▶ _What the task asks_:
Look through the listing below for the line containing "Electric Coffee Mug". Copy it and each line after it up to and including the line containing "4-H Youth in Action winner, Sruthi Sudarsan.", exactly, leaving out pictures.

▶ _Material shown_:
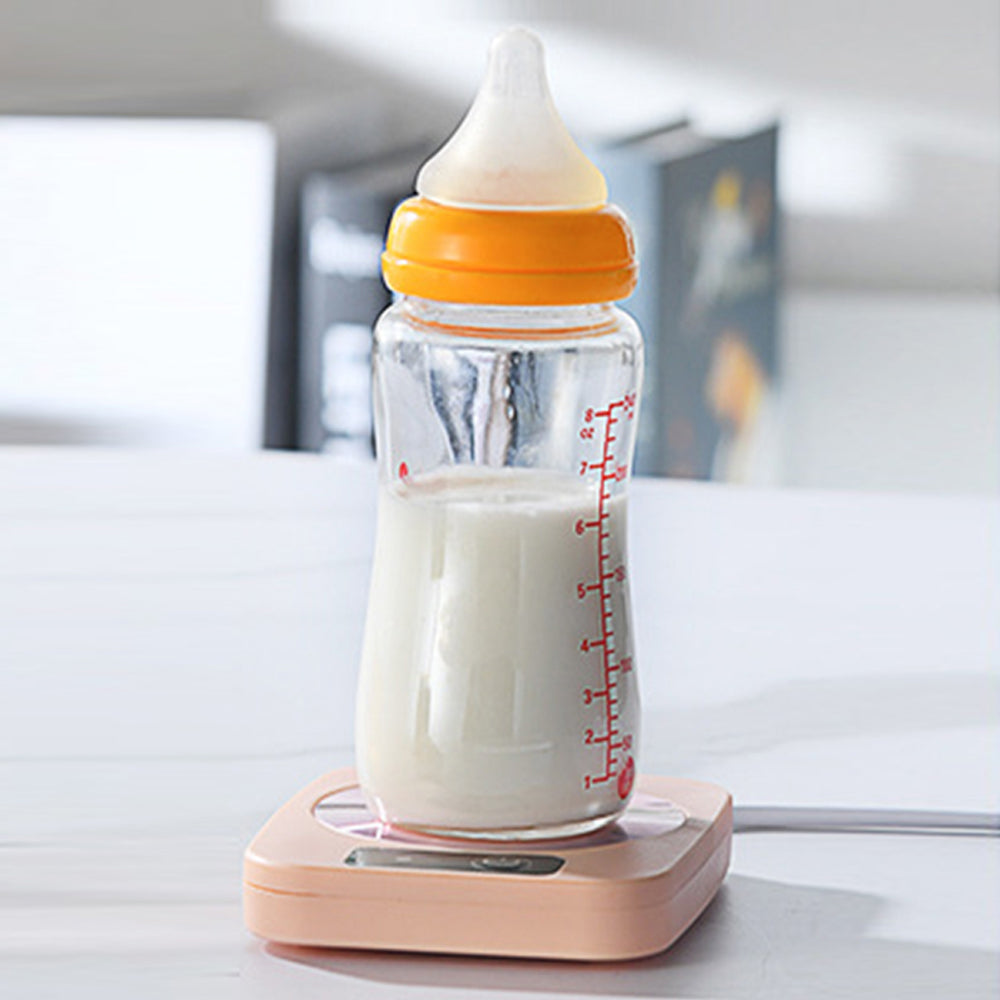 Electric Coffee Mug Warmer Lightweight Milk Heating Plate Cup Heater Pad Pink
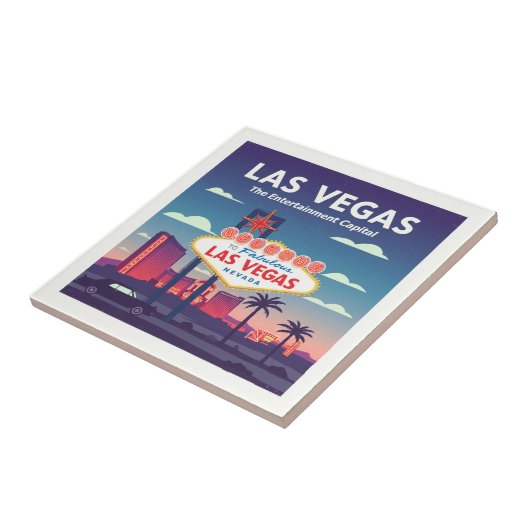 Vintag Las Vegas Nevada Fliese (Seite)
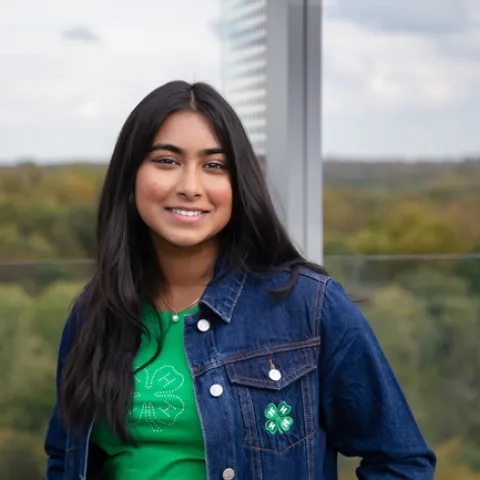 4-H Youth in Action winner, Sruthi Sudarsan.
...
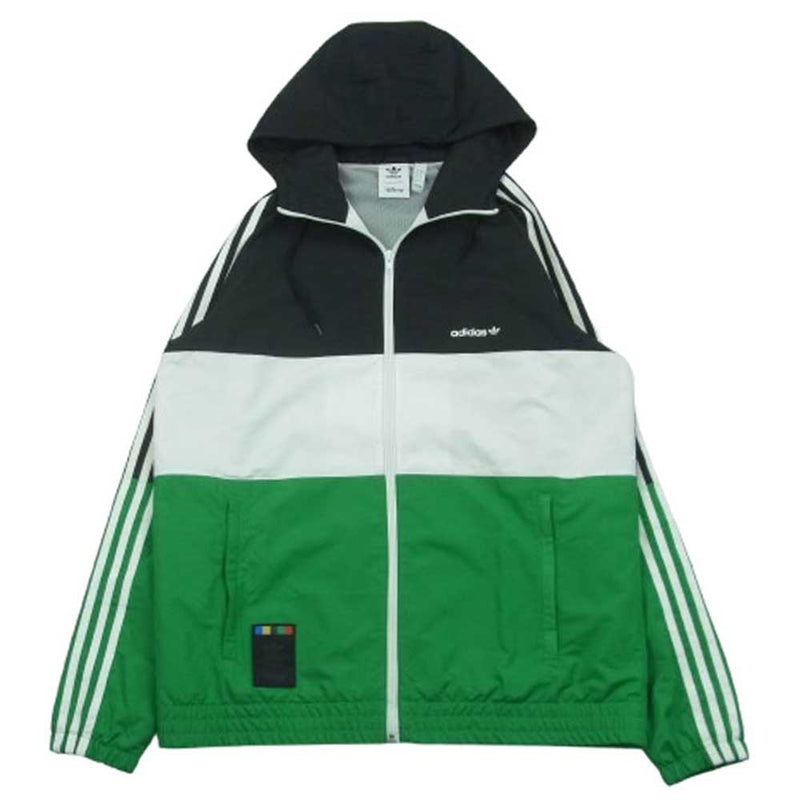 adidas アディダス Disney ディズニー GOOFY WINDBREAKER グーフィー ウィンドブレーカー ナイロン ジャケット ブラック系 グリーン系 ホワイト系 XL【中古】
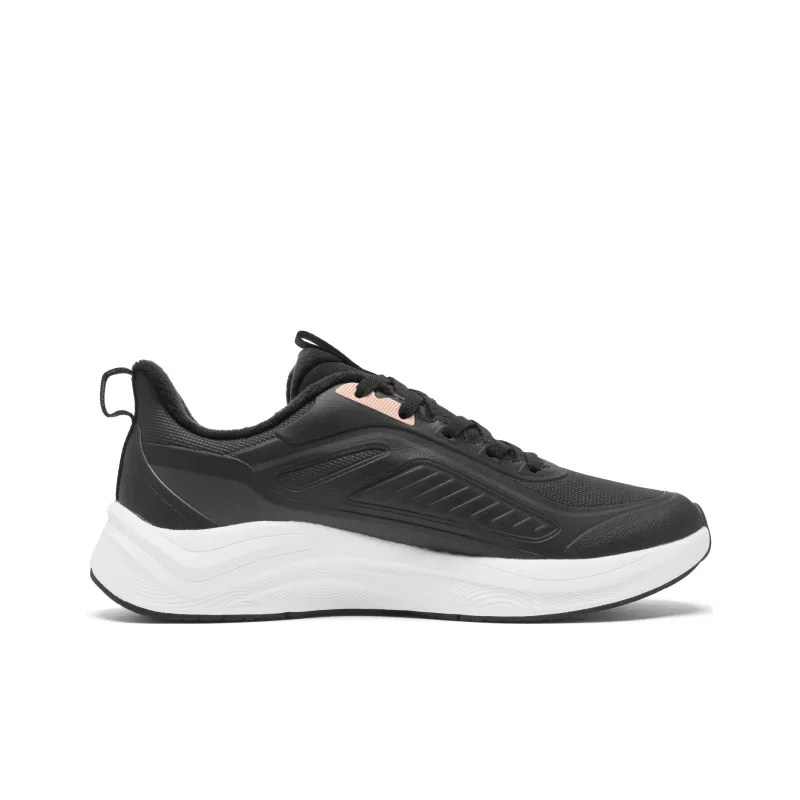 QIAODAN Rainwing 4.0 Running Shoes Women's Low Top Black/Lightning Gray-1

▶ _Exercise response_:
 Electric Coffee Mug Warmer Lightweight Milk Heating Plate Cup Heater Pad Pink
 Vintag Las Vegas Nevada Fliese (Seite)
 4-H Youth in Action winner, Sruthi Sudarsan.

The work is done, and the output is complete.